I believe all these masterpieces carry a special ingredient called holiness
Then there’s the “Thank You Hashem” crowd, who have no problem dancing around the bimah to songs like “It’s Geshmak to be a Yid” and “We’re Mamish at the End.” I still haven’t figured out what “Chi Chi Wawa” has to do with Simchas Torah, but if it makes the kids happy…
But the more traditional among us shouldn’t worry — the most popular hakafos songs are still “Tzavei Yeshuos Yaakov,” “Toras Hashem Temimah, and “Ana Avda.” These songs will always be around.
During Kiddush on Simchas Torah in the Boyaner shtibel on the West Side where I daven, I was talking to my good friend Dr. Michael Zelefsky, a well-known radiation oncologist who also happens to be a maven in Jewish music, about the origins of so many classic niggunim — the ones we sing on Simchas Torah and all year round. Indeed, as he mentioned, many were actually composed by great, holy rebbes and rabbanim, and will probably be sung forever.

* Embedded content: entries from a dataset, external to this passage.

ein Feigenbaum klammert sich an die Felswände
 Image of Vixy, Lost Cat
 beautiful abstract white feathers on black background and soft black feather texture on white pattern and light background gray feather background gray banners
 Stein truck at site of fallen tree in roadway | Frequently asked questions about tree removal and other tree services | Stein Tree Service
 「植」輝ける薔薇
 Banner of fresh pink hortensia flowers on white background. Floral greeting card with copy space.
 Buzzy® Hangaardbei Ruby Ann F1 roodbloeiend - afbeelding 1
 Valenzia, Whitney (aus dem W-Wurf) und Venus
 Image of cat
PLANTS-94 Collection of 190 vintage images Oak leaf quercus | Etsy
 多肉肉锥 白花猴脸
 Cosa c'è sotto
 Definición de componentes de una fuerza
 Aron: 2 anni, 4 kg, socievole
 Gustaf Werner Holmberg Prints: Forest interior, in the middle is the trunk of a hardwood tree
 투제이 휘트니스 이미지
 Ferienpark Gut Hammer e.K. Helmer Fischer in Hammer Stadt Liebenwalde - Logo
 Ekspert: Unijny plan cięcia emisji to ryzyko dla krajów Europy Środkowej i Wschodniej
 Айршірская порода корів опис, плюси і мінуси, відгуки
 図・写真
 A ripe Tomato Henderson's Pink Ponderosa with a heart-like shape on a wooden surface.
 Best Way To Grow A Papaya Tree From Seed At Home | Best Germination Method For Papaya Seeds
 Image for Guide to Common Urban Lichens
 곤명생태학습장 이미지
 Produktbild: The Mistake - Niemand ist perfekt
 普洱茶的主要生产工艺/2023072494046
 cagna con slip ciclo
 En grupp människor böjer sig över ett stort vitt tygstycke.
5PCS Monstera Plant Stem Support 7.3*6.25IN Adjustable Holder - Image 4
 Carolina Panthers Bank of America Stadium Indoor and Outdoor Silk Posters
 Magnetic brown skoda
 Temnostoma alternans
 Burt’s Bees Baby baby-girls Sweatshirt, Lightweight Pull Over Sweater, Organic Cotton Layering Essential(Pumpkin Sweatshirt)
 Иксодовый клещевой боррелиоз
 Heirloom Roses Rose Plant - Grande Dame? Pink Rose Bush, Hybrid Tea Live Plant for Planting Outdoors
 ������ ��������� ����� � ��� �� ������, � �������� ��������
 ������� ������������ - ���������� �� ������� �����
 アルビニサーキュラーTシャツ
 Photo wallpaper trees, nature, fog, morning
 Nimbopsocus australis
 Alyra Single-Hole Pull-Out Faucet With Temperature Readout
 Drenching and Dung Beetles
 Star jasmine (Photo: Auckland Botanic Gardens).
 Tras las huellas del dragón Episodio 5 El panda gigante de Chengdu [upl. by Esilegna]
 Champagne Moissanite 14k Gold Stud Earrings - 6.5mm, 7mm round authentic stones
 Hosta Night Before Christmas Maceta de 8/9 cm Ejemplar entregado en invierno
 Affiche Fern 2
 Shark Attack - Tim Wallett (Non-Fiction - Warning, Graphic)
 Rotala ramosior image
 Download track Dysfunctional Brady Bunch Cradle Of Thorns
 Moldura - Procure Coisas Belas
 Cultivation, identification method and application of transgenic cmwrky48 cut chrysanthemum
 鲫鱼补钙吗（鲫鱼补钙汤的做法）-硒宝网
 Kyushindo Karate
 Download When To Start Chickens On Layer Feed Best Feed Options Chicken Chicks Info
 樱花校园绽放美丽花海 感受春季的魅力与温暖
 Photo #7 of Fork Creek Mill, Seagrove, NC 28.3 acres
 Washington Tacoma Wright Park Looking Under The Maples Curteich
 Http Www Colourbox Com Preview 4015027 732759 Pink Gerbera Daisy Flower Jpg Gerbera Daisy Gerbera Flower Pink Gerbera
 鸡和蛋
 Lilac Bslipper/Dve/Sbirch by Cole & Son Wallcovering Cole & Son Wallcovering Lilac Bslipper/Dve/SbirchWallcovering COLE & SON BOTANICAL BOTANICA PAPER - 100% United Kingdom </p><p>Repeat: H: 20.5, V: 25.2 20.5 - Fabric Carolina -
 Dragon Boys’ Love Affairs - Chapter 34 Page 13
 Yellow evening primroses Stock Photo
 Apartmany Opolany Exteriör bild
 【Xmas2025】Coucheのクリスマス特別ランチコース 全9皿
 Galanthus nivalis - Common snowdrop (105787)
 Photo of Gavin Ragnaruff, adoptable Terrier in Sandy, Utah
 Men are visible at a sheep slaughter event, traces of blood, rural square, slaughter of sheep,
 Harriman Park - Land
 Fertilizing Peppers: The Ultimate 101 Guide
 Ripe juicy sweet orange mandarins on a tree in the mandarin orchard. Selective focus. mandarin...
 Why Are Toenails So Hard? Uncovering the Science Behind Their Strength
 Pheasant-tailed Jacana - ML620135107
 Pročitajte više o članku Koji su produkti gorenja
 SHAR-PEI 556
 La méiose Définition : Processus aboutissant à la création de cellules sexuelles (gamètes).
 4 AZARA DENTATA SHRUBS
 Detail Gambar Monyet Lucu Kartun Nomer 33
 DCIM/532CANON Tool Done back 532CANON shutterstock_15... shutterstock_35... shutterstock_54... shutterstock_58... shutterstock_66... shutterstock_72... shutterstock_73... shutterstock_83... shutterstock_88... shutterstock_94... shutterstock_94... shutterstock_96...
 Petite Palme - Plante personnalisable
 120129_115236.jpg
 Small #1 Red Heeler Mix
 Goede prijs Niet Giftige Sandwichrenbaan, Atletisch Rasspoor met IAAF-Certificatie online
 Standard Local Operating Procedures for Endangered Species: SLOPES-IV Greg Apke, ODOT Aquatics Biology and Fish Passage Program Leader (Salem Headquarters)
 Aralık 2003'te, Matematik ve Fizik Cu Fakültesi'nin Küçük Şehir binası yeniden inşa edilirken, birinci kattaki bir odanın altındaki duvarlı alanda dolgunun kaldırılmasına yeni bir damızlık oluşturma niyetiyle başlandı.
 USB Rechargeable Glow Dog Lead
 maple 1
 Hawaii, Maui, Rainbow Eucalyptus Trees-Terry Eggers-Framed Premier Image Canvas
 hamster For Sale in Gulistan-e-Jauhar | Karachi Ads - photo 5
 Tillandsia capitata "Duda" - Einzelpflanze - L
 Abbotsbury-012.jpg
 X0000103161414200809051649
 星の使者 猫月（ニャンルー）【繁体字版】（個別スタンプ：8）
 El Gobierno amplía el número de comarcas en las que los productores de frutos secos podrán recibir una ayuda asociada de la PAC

Everyone knows that Rav Yitzchak Hutner ztz”l wrote the words to “Bilvavi,” but he was also the composer of “Neshamah Shenasata Bi,” which he wrote as a wedding gift to his talmid Rav Shlomo Freifeld. This still-enduring song was originally recorded in 1960 on what was known as the “Chaim Berlin” album (officially, Torah Lives and Sings).